## [SOURCE MATERIAL]

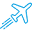 aviserv.co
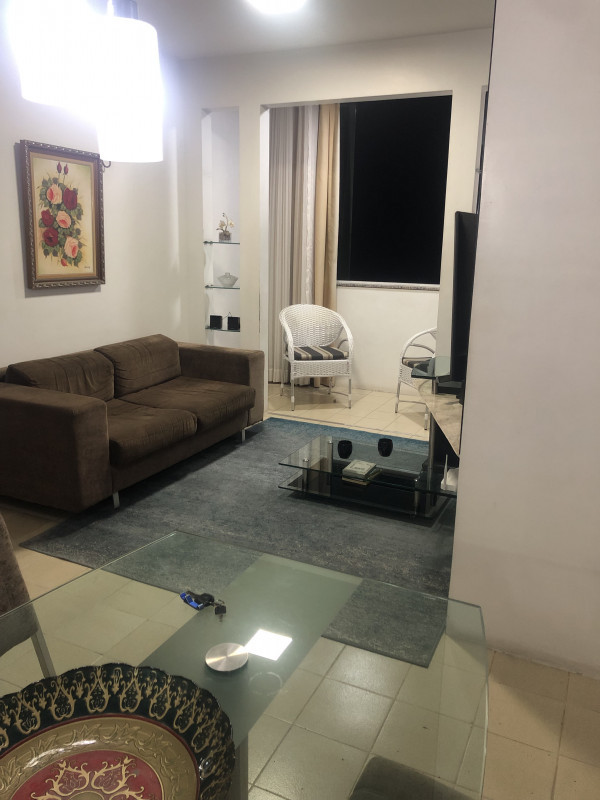 Apartamento à venda Vila Uniao com 98m² e 3 quartos por R$ 250.000 - 1836169901-img-3029.jpeg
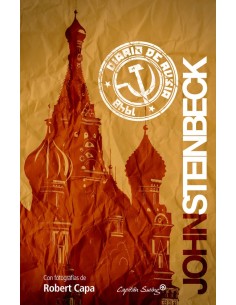 Diario de Rusia (Nuevo)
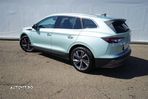 Skoda Enyaq iV Electric 80X - 4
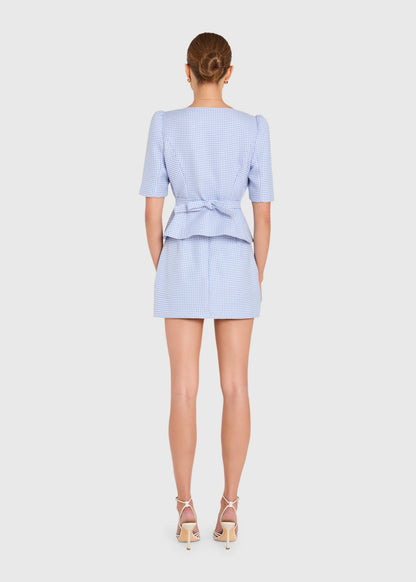 Phoebe Top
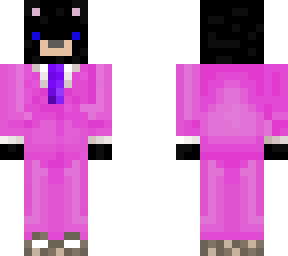 tyu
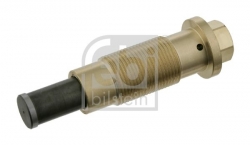 FEBI BILSTEIN 26751 Zincir Gergisi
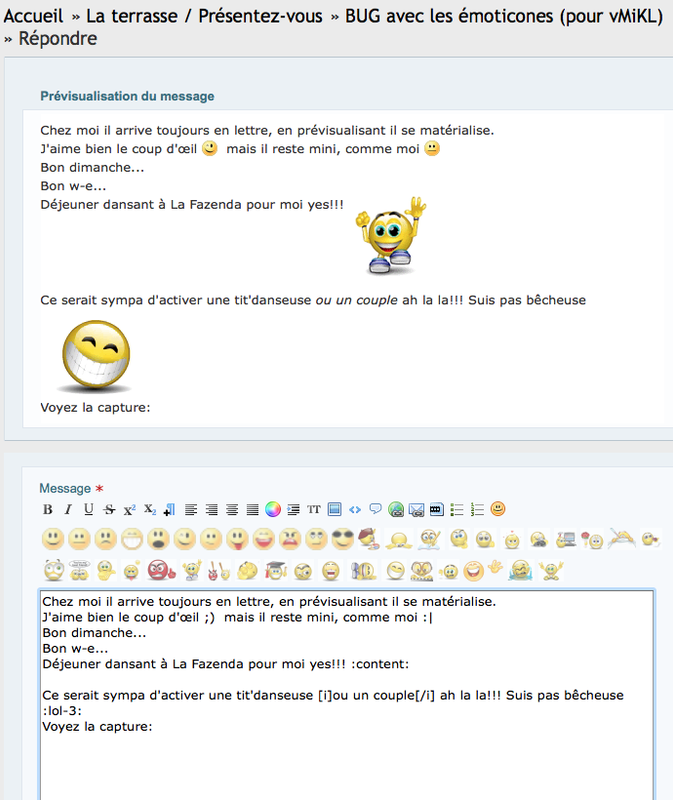 Capture d’écran 2017-05-14 ? 09.46.40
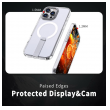 maska mag case flex za iphone 16 pro max bela-maska-mag-case-flex-za-iphone-16-pro-max-bela-168752-302651-168752.png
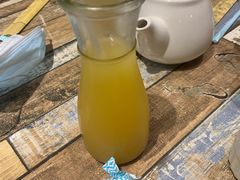 -武松家(丰益桥店)
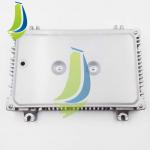 9274931 Controller ECU For ZX210W-3 Excavator Parts for sale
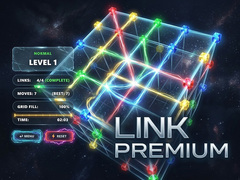 Igra Link Premium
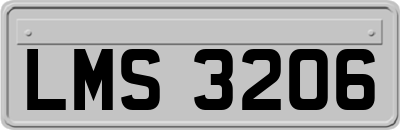 LMS3206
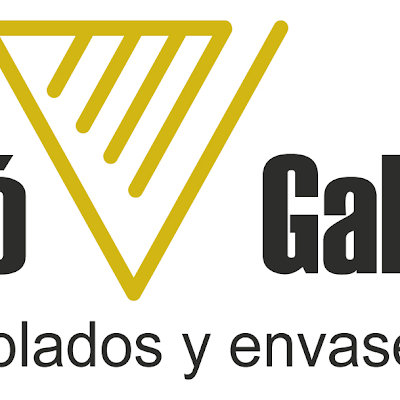 Logotip de Soplados y envases Picó Galvañ,s.l.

## [ABOUT THIS TASK]
Repeat the listing verbatim. Skip the pictures.

## [OUTPUT FOR THIS TASK]
 aviserv.co
 Apartamento à venda Vila Uniao com 98m² e 3 quartos por R$ 250.000 - 1836169901-img-3029.jpeg
 Diario de Rusia (Nuevo)
 Skoda Enyaq iV Electric 80X - 4
 Phoebe Top
 tyu
 FEBI BILSTEIN 26751 Zincir Gergisi
 Capture d’écran 2017-05-14 ? 09.46.40
 maska mag case flex za iphone 16 pro max bela-maska-mag-case-flex-za-iphone-16-pro-max-bela-168752-302651-168752.png
 -武松家(丰益桥店)
 9274931 Controller ECU For ZX210W-3 Excavator Parts for sale
 Igra Link Premium
 LMS3206
 Logotip de Soplados y envases Picó Galvañ,s.l.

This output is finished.